─── DATA BELOW
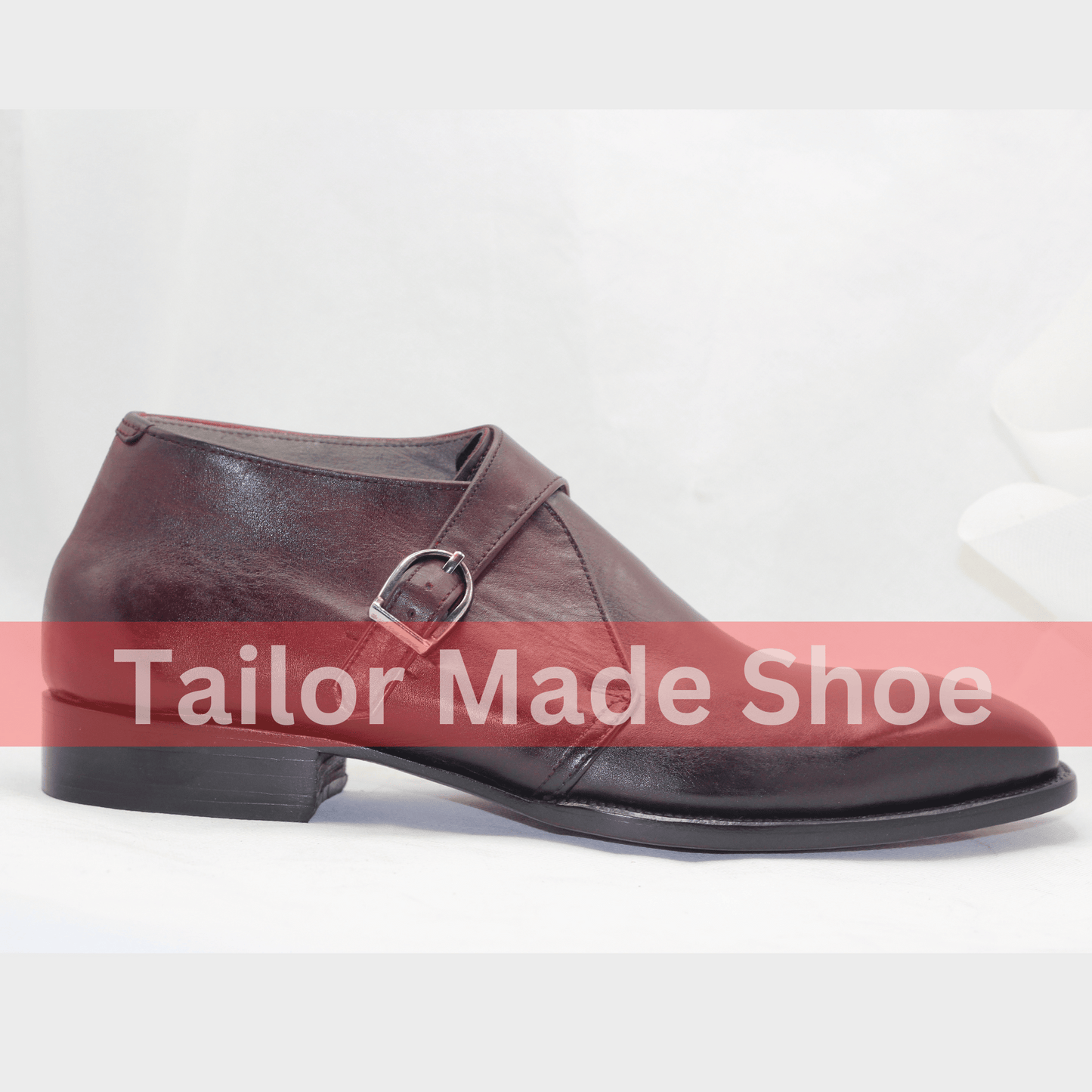 Handcrafted Single Monk Strap Shoes – Premium Burgundy Leather Burgundy Monk Strap Shoes – Perfect Blend of Comfort & Style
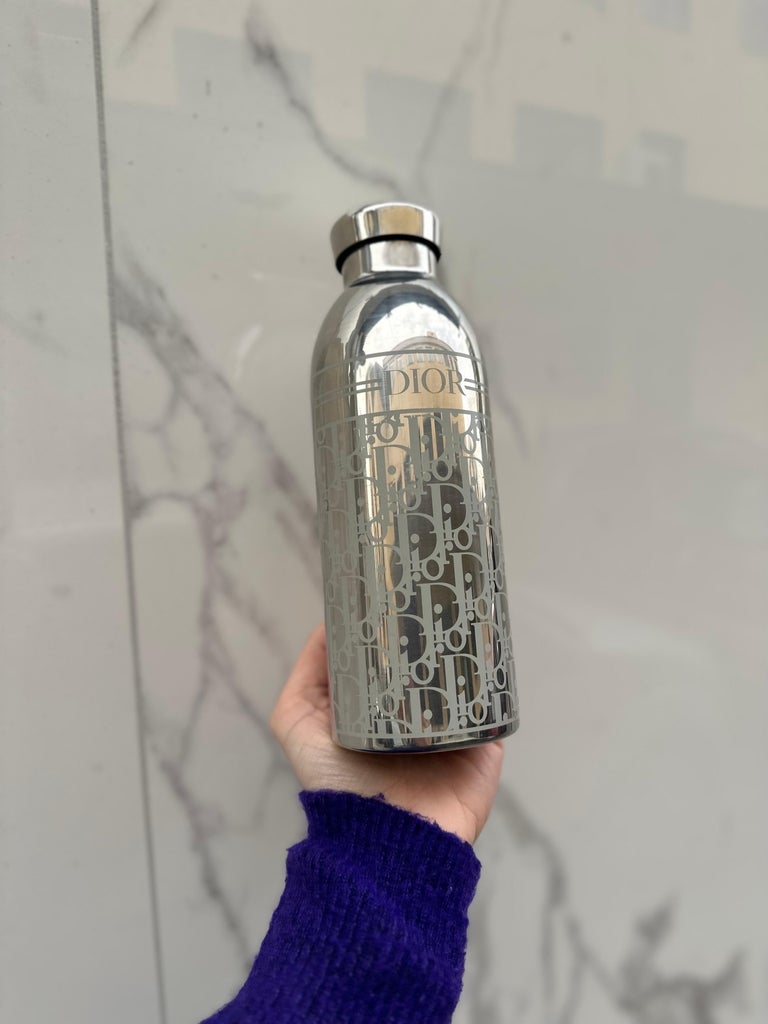Dior Water Bottle Oblique Silver For Sale at 1stDibs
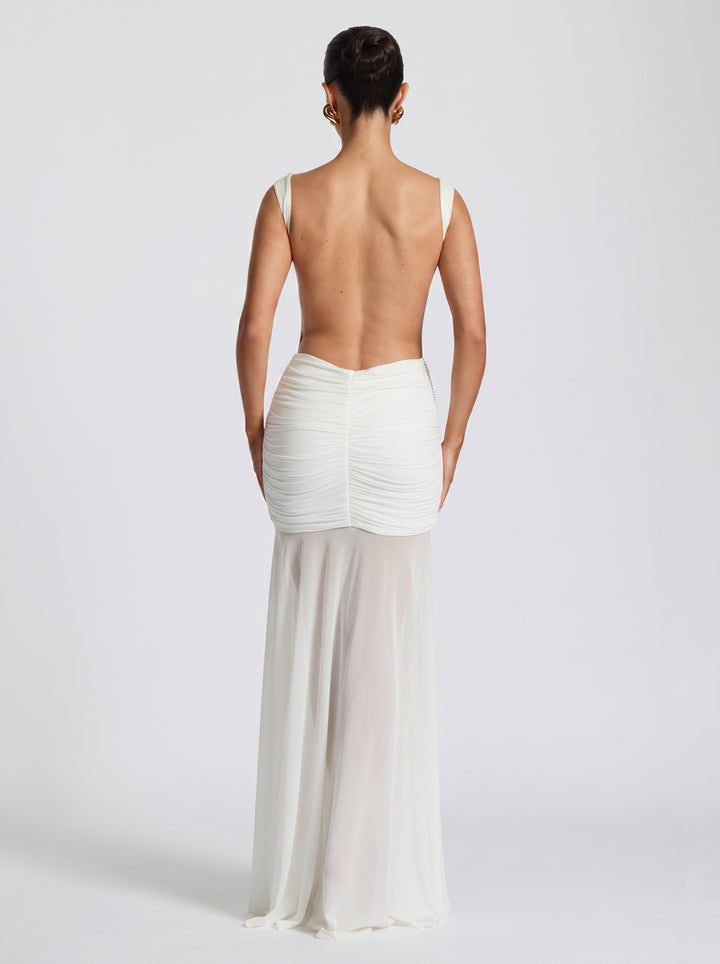 Elegant Ruched Embellished Maxi Dress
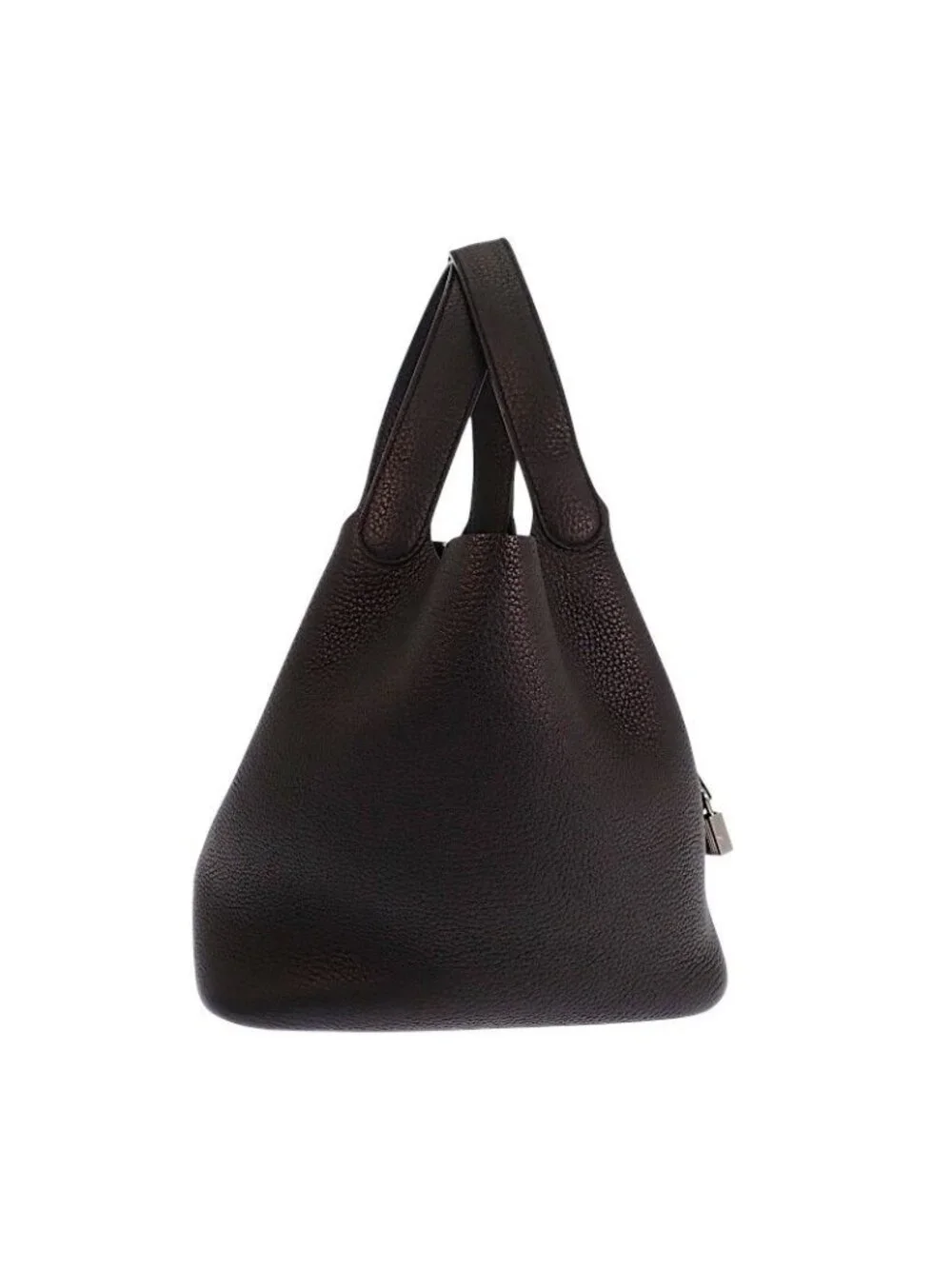 Hermes Picotin Lock MM Handbag Taurillon Clemence Black Silver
──────
TASK TO CARRY OUT: Give an exact copy of the listing, without its pictures.

ANSWER BOX:
 Handcrafted Single Monk Strap Shoes – Premium Burgundy Leather Burgundy Monk Strap Shoes – Perfect Blend of Comfort & Style
Dior Water Bottle Oblique Silver For Sale at 1stDibs
 Elegant Ruched Embellished Maxi Dress
 Hermes Picotin Lock MM Handbag Taurillon Clemence Black Silver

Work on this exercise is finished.